• [Task statement] Output each entry verbatim and exclude every picture from it.

####

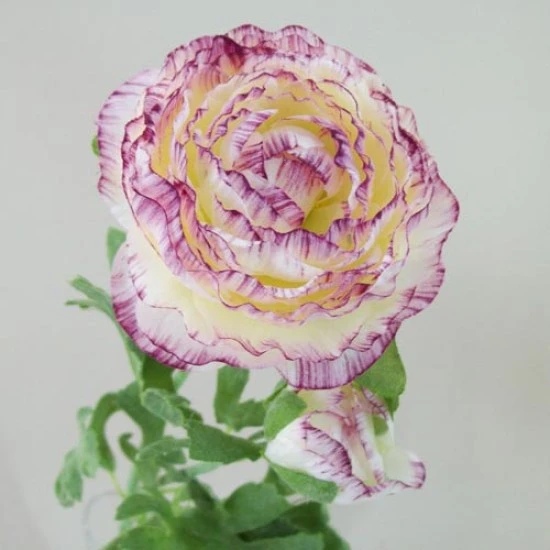 Artificial Ranunculus Flowers Cream and Dark Pink 40cm - R042B M3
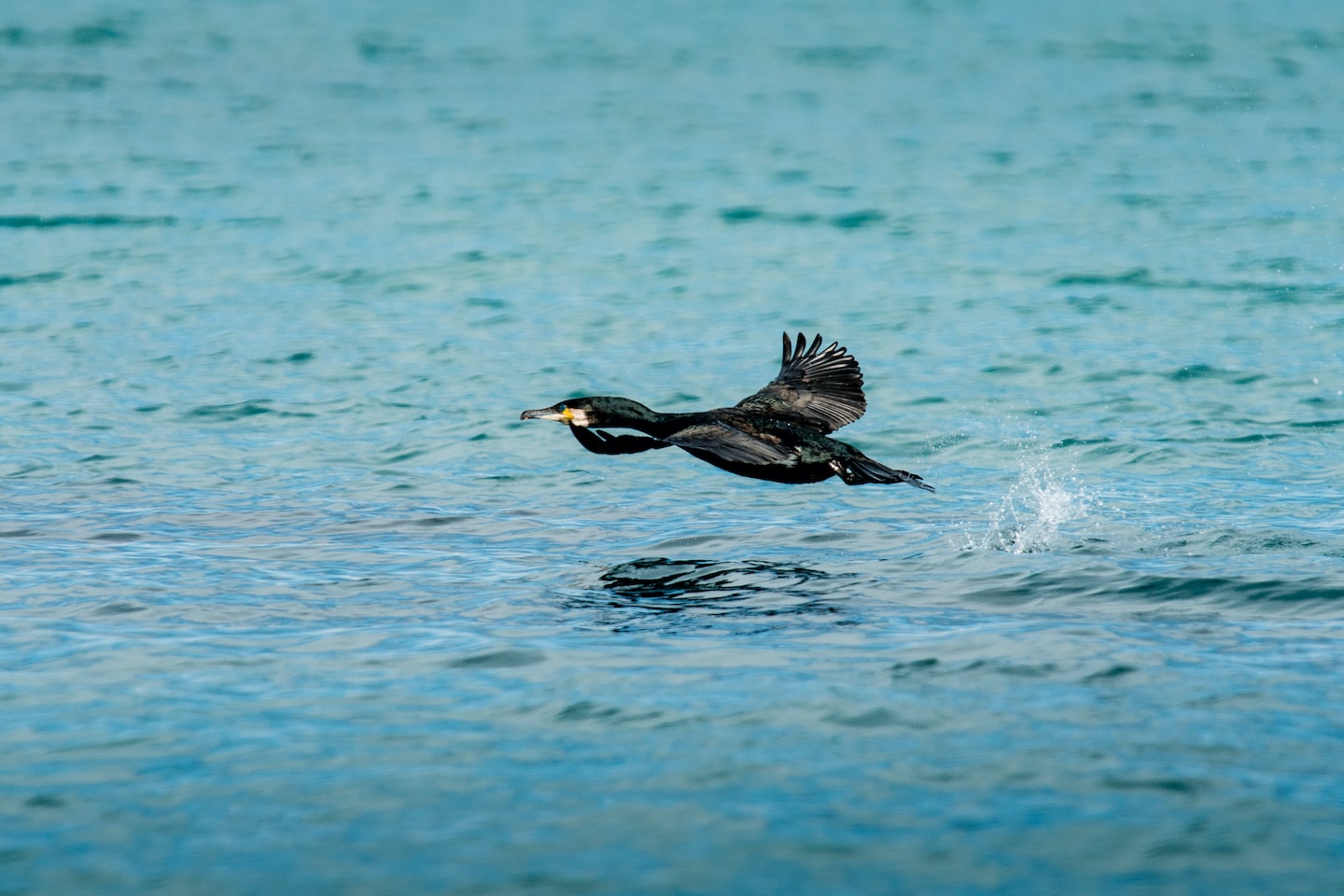 Les meilleurs spots pour observer les oiseaux en Bretagne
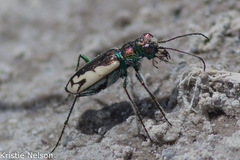Cicindela parowana platti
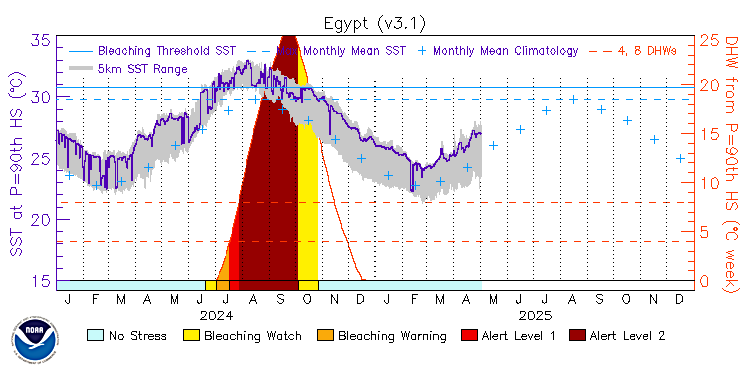 current SST time series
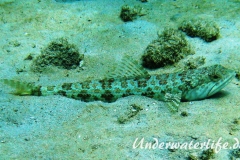 Diamant Eidechsenfisch_adult-Karibik-2014-001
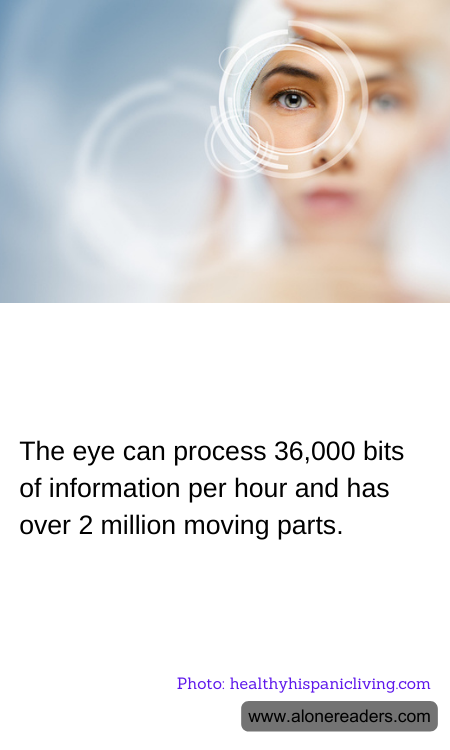 General Knowledge Learning Cards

####

• [Solved exercise]
 Artificial Ranunculus Flowers Cream and Dark Pink 40cm - R042B M3
 Les meilleurs spots pour observer les oiseaux en Bretagne
Cicindela parowana platti
 current SST time series
 Diamant Eidechsenfisch_adult-Karibik-2014-001
 General Knowledge Learning Cards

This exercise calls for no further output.